Further more, Mitre has several positions posted right now that have nothing to do with FFRDCs and are in fact, just providing personnel for government projects. Splitting hairs on the terminology is a great game to play on the internet, but what would the average person call a company that produces no products and provides administrative, research, and engineering personnel on a basis of awarded contracts? The fact that Mitre employees seem to continually conflate their work as engineering contractors and their roles as FFDR administrators is a large part of my "mixed" experience in working with them.

And frankly; by your definition Honeywell would be an FFRDC which I don't think anyone would argue.

It's not like an agency can just go to MITRE and say "Hey, do you have any geospatial analysts, I need a few."

They have to jump through a lot of hoops to get to that point. It needs to be part of some research program or development project that they've convinced the sponsoring agency fits within the FFRDC charter and convinced MITRE and the COR they need to assist with, and awarded the tasking (beating everyone else trying to use that vehicle). MITRE and the COR get to decide which programs/projects, and they propose the staffing they think will help.

It's very inconvenient, let's just say.

Sure it's inconvenient. It's inconvenient to staff anyone in the government. If I could have ordered employees like pizza on any staffing vehicle, I would have staffed them regardless of nearly anything else and never looked back.

Right now I can go on Mitre's website and look at their hot jobs postings. Right there is PM support in the army acquisition core, COTS integration, and several software engineer postings supporting BMD and THAAD. These are not part of their FFRDC line up. A cursory look shows about 1/3rd of current Mitre posting appear unrelated to FFRDCs. These sorts of positions will place Mitre employees in government offices and labs doing the same work along side other contractors hired by other contracting vehicles and along side government engineers doing the same work. It's not wrong, it's just the truth of the matter. There should be more firewalls legally speaking but they often times get broken down just so work can get done. I think that trying to dress Mitre up is not very helpful to someone trying to understand it from the outside. Statements like, "Mitre benefits most when you establish an ever closer relationship with the government agency and people therein. The higher the governmant authority you report to, the more valuable you become within Mitre," sound downright dystopian.

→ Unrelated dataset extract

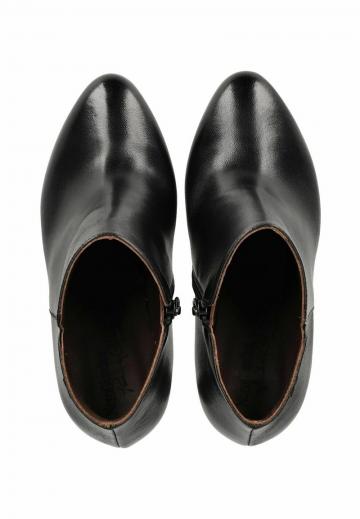 Полусапожки на высоком каблуке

Mitre fulfills multiple rolls. It runs several research centers and fills government positions based on current government contract awards. They treat their employees well and pay a little above average for defense work. Mitre is heavily focused on technical positions or systems engineering. Mitre is a non-profit corporation and does not produce a commercial product. They are prohibited from engaging in manufacturing without special permission from the government.

Largely agreed. The tit-for-tat that can happen where positions get filled on programs having little to do with the FFRDC they're staffed under is a problem and it makes MITRE a target for other contractors who will complain to congress about, etc. It's an existential issue for them.

I've noticed federal agencies twist themselves into knots to try to get MITRE to staff something, and jump through the hoops, and really stretch the FFRDC charter, precisely because staffing anyone in the government is a shit show. I think the percieved value is a good chance of someone who isn't useless in the role and some stability.

I don't know who's fault that is, but I know MITRE hammers the line into PMs heads, you know, you're not a body shop. R&D/prototype work only.

At the same time, portfolio managers would be rewarded for forging new partnerships and getting new projects awarded via the FFRDC, even if they were kind of BS beyond a nice slide deck. Having projects to staff those PhDs on and getting kudos from the sponsors is what matters for advancement so...

Ehhhhh.

I think we are pretty much in agreement. It really doesn't help how much the government is willing to stretch the definitions of R&D and System Engineering either.